::: Extracted information
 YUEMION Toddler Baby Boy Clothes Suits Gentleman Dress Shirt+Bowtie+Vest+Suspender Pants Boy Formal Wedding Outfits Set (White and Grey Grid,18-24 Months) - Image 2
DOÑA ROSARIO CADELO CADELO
::::::
::: Extracted information
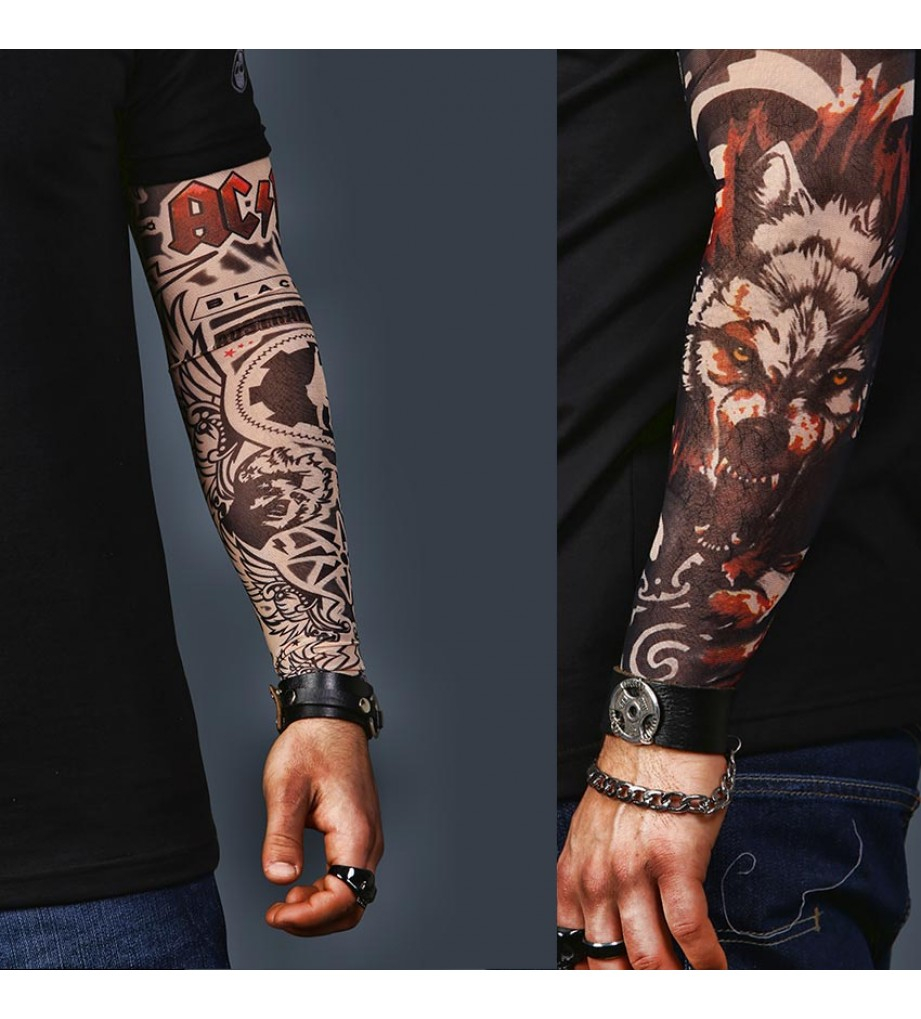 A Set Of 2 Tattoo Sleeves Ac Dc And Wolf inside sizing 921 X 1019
::::::
> Description of the task
Where the data above reaches the line holding "YUEMION Toddler Baby", begin printing, and stop after the line holding "DOÑA ROSARIO CADELO CADELO". Each line must be reproduced exactly, with nothing else added.

> Result
 YUEMION Toddler Baby Boy Clothes Suits Gentleman Dress Shirt+Bowtie+Vest+Suspender Pants Boy Formal Wedding Outfits Set (White and Grey Grid,18-24 Months) - Image 2
DOÑA ROSARIO CADELO CADELO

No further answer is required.